E che dire ora a Jadwiga che, a suo tempo, era stata a servizio a casa Broder? La signora di oggi è ancora sempre la domestica di allora: di fronte a Tamara è pronta ad andarsene. Se non ci fosse di mezzo l’imprevedibile Masha che crede di essere incinta e riesce a farsi sposare. Una vera farsa, dice la madre di lei, che diventa quasi surreale nel momento in cui si scopre che l’unica donna gravida è Jadwiga. Una girandola di eventi da cui lo stesso Hermann, sempre più fatalista, non riesce ormai a sottrarsi: si lascia condurre dai Poteri, che si «chiamino Caso, o Provvidenza o Tamara». E non riesce a dominare nemmeno quello strano riso che smuove dentro di sé l’infelicità più nera. Certo, Tamara lo lascia libero e preferisce accompagnarsi alla domestica di un tempo, ma c’è sempre ancora Masha afflitta da incubi e visioni allucinanti dopo la falsa gravidanza.
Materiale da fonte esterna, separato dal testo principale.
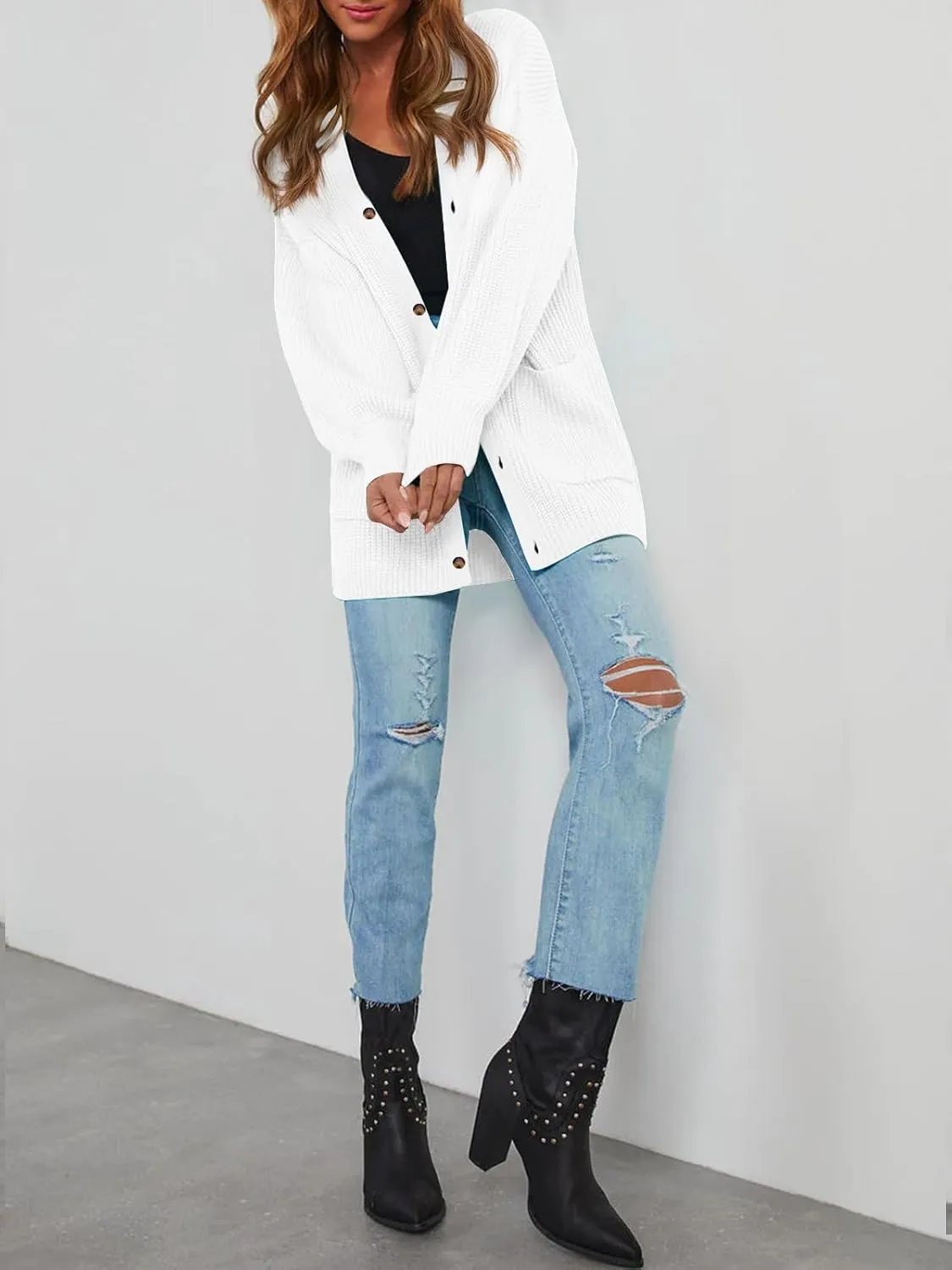 Cardigan Sweaters for Women Oversized Chunky Knit Long Cardigan Open Front Button Cardigans Trendy Fall with Pockets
In una New York talvolta misteriosa e fiabesca, dove s’aggira l’eterno viandante Hermann vittima dei propri inganni, Singer evoca un mondo di fantasmi che attraversano la vita con l’espressione amara della disperazione e la smorfia, l’urlo di Masha di fronte al cadavere della madre suicida. L’amore soccombe nella memoria dei sopravvissuti, in un mondo caotico e crudele dove anche l’Onnipotente sembra implacabile e spietato. Ecco i veri nemici dell’amore che questo libro declina fra un uomo e tre donne senza alcuna via d’uscita dispensando però ludiche e gioiose bizzarrie velate di malinconia.
Singer ha scritto un formidabile romanzo che si affaccia sul vuoto e la perdita: della famiglia, della patria, della fiducia in se stessi e nella vita. Masha segue il destino di sua madre, mentre Hermann, sempre in fuga anche da se stesso, scompare. Chissà dove sarà, si chiede Tamara, che il rabbinato dichiara sciolta da ogni legame matrimoniale. Potrà risposarsi. Magari, dice lei, nel mondo a venire. Chissà, forse con Hermann.